Keinginan PEMPROV DKI untuk membantu pelajar-pelajarnya tidak berjalan lancar. Masalah-masalah datang kemudian. Dari mulai penyelewengan hingga sasaran bantuan yang tidak tepat. KJP namanya, kepanjangan dari Kartu Jakarta Pintar. Kartu ini sejenis kartu berisi uang yang bisa ditransaksikan pada perangkat EDC seperti Kompasiana Card, Flash dari BCA, atau e-money dari Mandiri.

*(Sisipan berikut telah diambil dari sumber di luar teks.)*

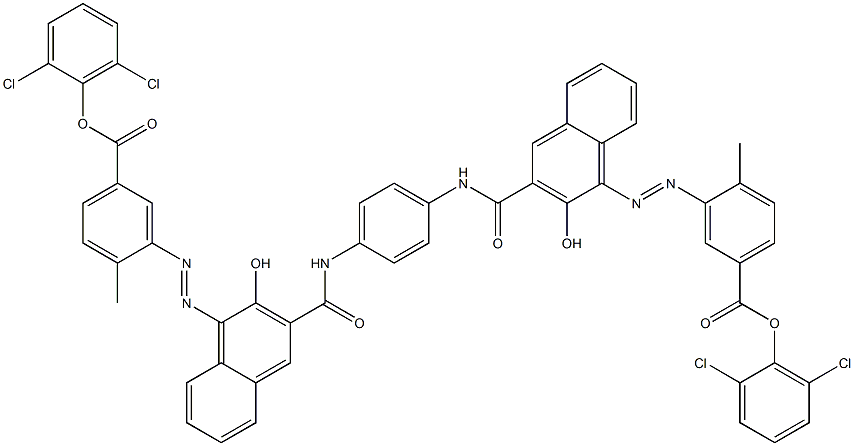  1,4-Bis[1-[[2-methyl-5-(2,6-dichlorophenoxycarbonyl)phenyl]azo]-2-hydroxy-3-naphthoylamino]benzene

Sasaran KJP yang tidak tepat sasaran, perlu jadi catatan serius. Mungkin sensus data penduduk perlu diperbaharui. Pemahaman mengenai ‘mampu’ dan ‘tidak mampu’ agaknya perlu jadi perhatian serius, sehingga standar atas keduanya terpampang jelas, baik dari kacamata sang wali kelas maupun dari kaca mata bapak RT. Setidaknya dengan data yang mutakhir, masalah penyelewengan data bisa dikurangi.
Pembatasan Bantuan?
Bantuan untuk Pelajar Jakarta ini diharapkan membantu mereka dalam hal pendidikan. Tapi yang terjadi, transaksi justru terjadi pada merchant-merchant yang sama sekali tidak berhubungan dengan pendidikan. Toko Emas dan Karaoke konon tercatat transaksi dengan menggunakan KJP. Kalau ini jadi masalah, harusnya Bank DKI selaku vendor bisa bekerja sama dengan Bank Indonesia.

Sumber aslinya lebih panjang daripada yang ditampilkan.